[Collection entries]

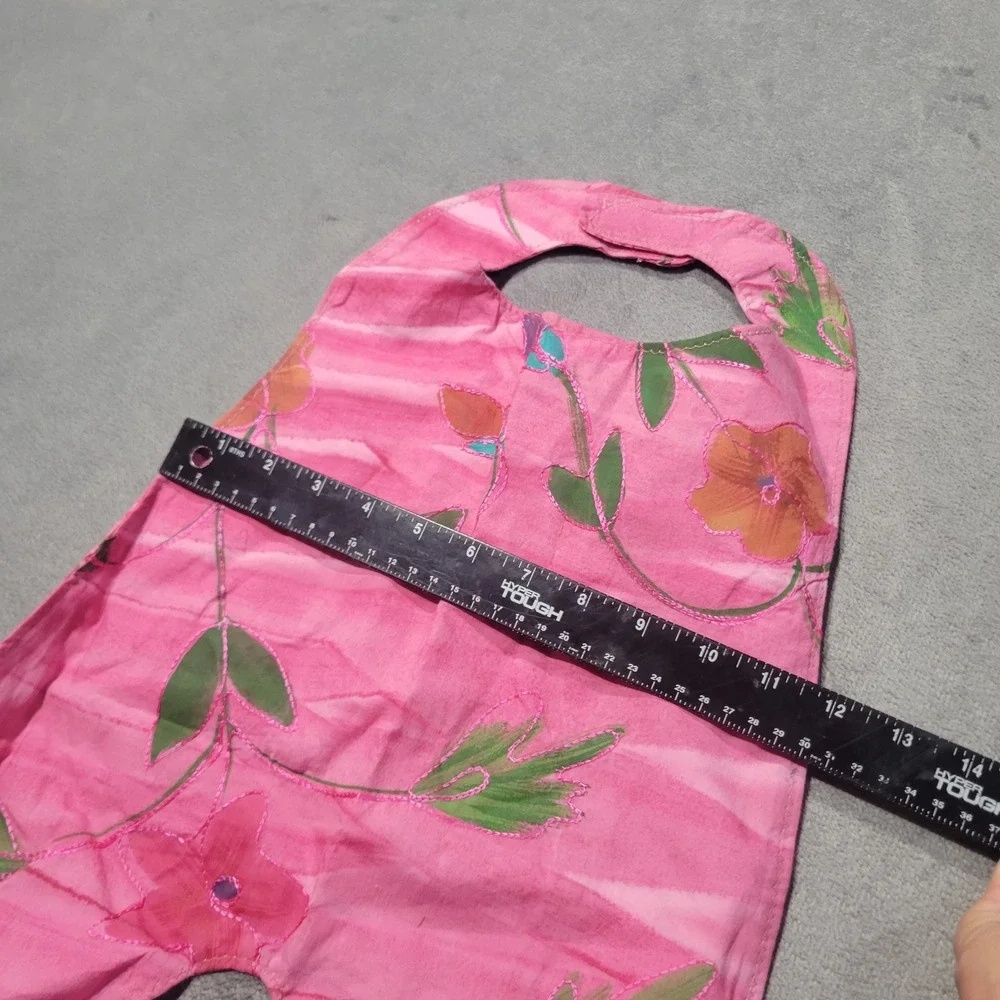 Handmade Reversible Bib Garment Unisex Pink Floral Ribbon Artsy Boho Cottagecore
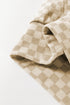 Soft Checkerboard Print Kangaroo Pocket Pullover Hoodie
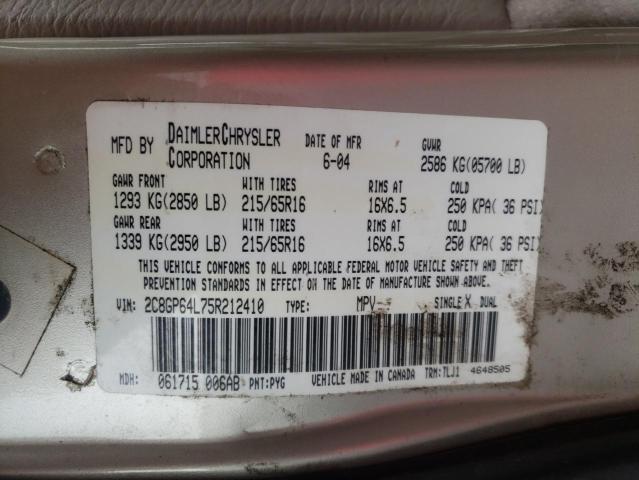 Photo 10 from auction – 2005 CHRYSLER TOWN & COU with VIN 2C8GP64L75R212410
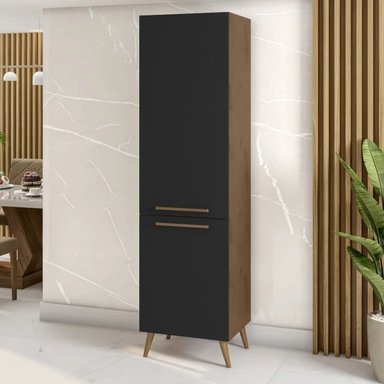 ALACENA TU MESITA ANDY MULTIUSOS MARRÓN/NEGRO 2 PUERTAS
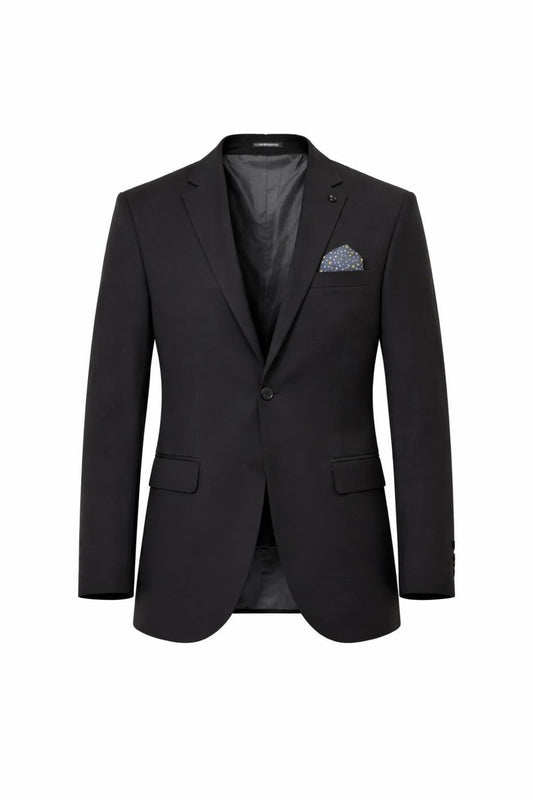 Erkek Mono Yaka Tek Düğmeli Çift Yırtmaçlı Blazer Ceket – Premium Dokuma Kumaş, 8 Renk - Siyah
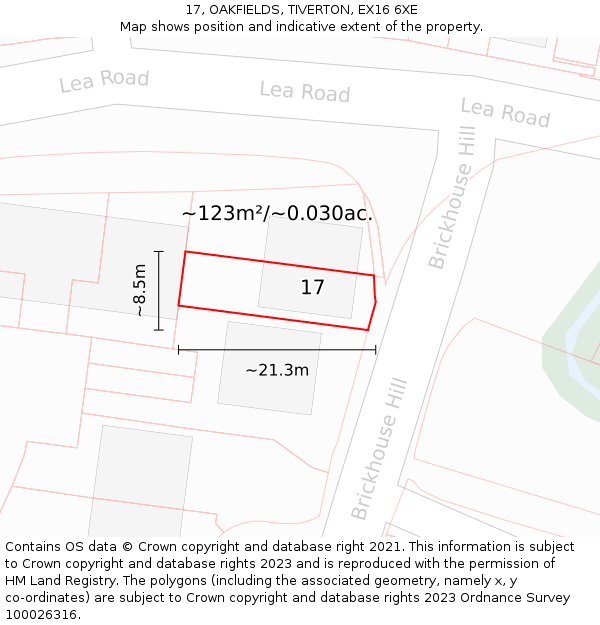 17, OAKFIELDS, TIVERTON, EX16 6XE: Plot and title map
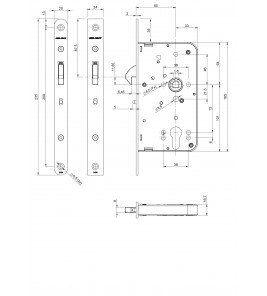 LIPS 248817T2460 SCHUIFDEURSLOT VRIJBEZET DM 60MM VP RECHTHOEK 24MM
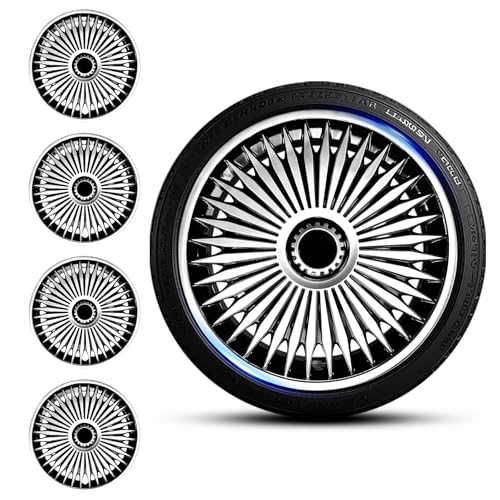 14 inch Wheel Covers 14 Hub Caps for Steel Wheels - Universal Fit Snap On ABS Rim Protector Hubcaps for Most Car Truck SUV Sedan Set of 4 (#A Style 14 Inch)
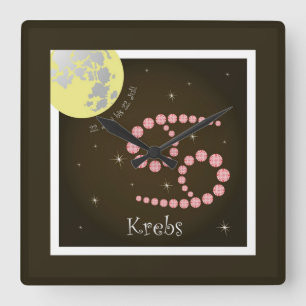 Cancer 22 June to 22 July Square Wall Clock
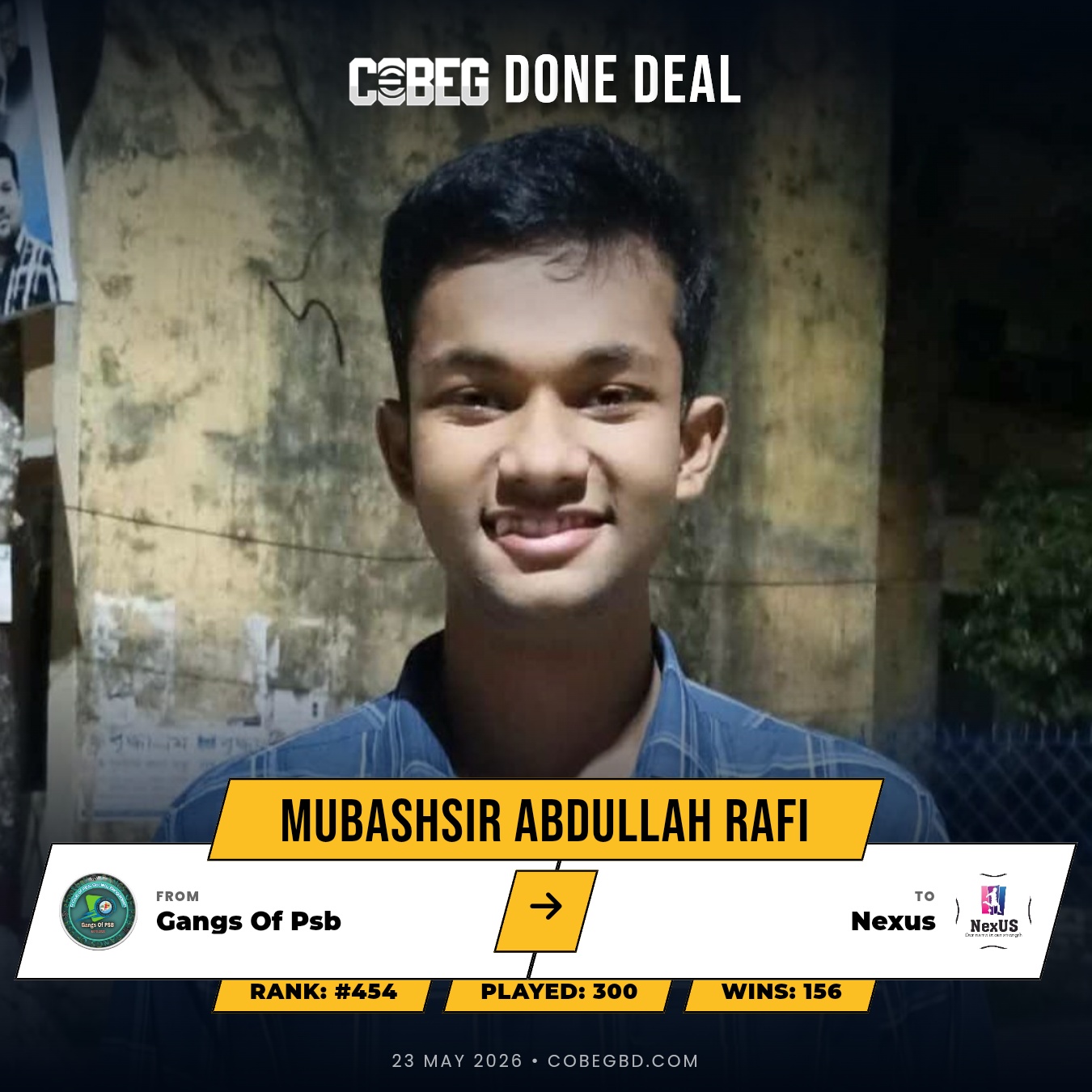 NEXUS STRIKE AGAIN — Mubashsir Abdullah Rafi Joins the Academy Project in a Statement Move from Gangs Of Psb!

» **What the exercise asks**
Give again, word for word, every line from the top of the data through the line with "17, OAKFIELDS, TIVERTON, EX16", both ends included, and exclude the pictures.

» **Result of the task**
 Handmade Reversible Bib Garment Unisex Pink Floral Ribbon Artsy Boho Cottagecore
 Soft Checkerboard Print Kangaroo Pocket Pullover Hoodie
 Photo 10 from auction – 2005 CHRYSLER TOWN & COU with VIN 2C8GP64L75R212410
 ALACENA TU MESITA ANDY MULTIUSOS MARRÓN/NEGRO 2 PUERTAS
 Erkek Mono Yaka Tek Düğmeli Çift Yırtmaçlı Blazer Ceket – Premium Dokuma Kumaş, 8 Renk - Siyah
 17, OAKFIELDS, TIVERTON, EX16 6XE: Plot and title map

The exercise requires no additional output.